ExxonMobil's deception might be dastardly, but is it illegal? At least two state attorneys general think it might be—and the U.S. Department of Justice is considering an investigation as well.

Last fall, New York attorney general Eric Schneiderman launched a probe into whether ExxonMobil committed fraud, and his office has issued subpoenas for internal company records. California's attorney general, Kamala Harris, is also looking into the company's actions. And after prodding from some members of Congress, the Justice Department asked the FBI to look into the matter, the first step toward a possible federal investigation. 

The state attorneys general investigations have prompted comparisons to the AG campaigns against Big Tobacco in the 1990s.

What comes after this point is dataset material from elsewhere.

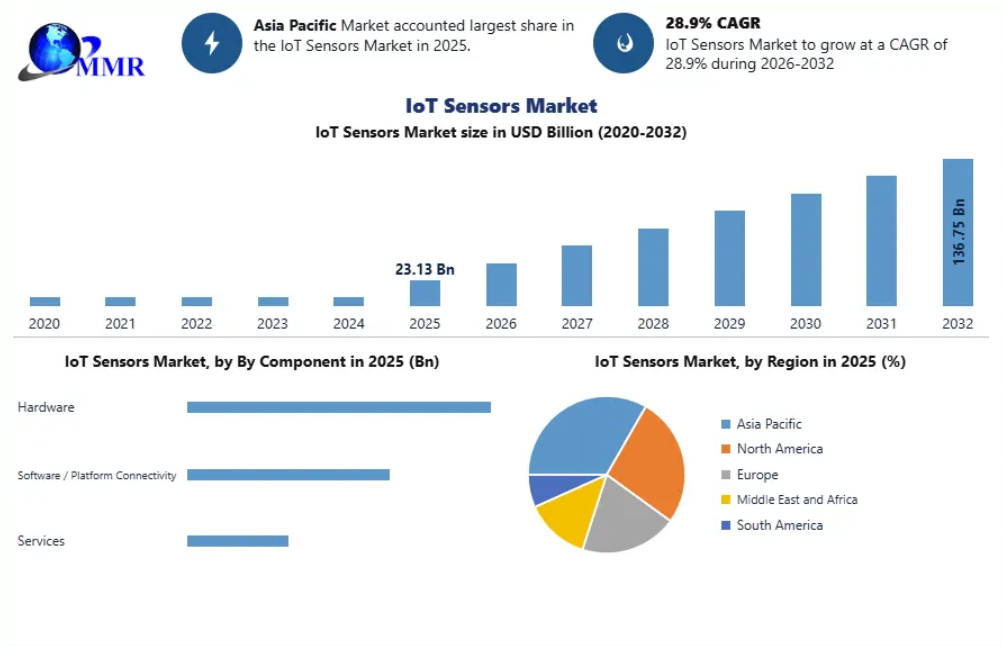 IoT Sensors Market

Peter Lehner—chief of the New York attorney general's Environmental Protection Bureau from 1999 to 2006 and now a senior attorney with Earthjustice—says the inquiries are likely focused on whether Exxon lied to its shareholders. It's one thing to mislead your customers, but very hard to prove damages in such a case. Lying to your shareholders? That in itself is illegal, regardless of whether the shareholders were harmed by being misled. 

"New York law allows the AG to investigate deceitful statements to shareholders," Lehner explains. "Exxon said, 'Climate change is nothing to worry about. It's not going to cause us any problems.' The AG doesn't have to prove that shareholders were harmed. The AG just has to show that Exxon lied to its shareholders."

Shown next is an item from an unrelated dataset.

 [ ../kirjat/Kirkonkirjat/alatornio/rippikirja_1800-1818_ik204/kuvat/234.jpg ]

Just as important, Lehner says, is that Exxon's private acceptance of climate science elevates its pattern of public climate change denial from a case of negligence to one of intentionality. "A company or person can injure someone perhaps by accident, or sometimes intentionally," Lehner says. "Obviously, in most circumstances, an intentional injury is much worse." What will happen if one of the attorneys general proves that Exxon hid information about climate change from its shareholders? "One remedy would be proving that Exxon was deceitful, which would really change the political debate over climate change."

ExxonMobil might be putting a new twist on that old political axiom. In this case, it's the covering up of climate science that is the crime.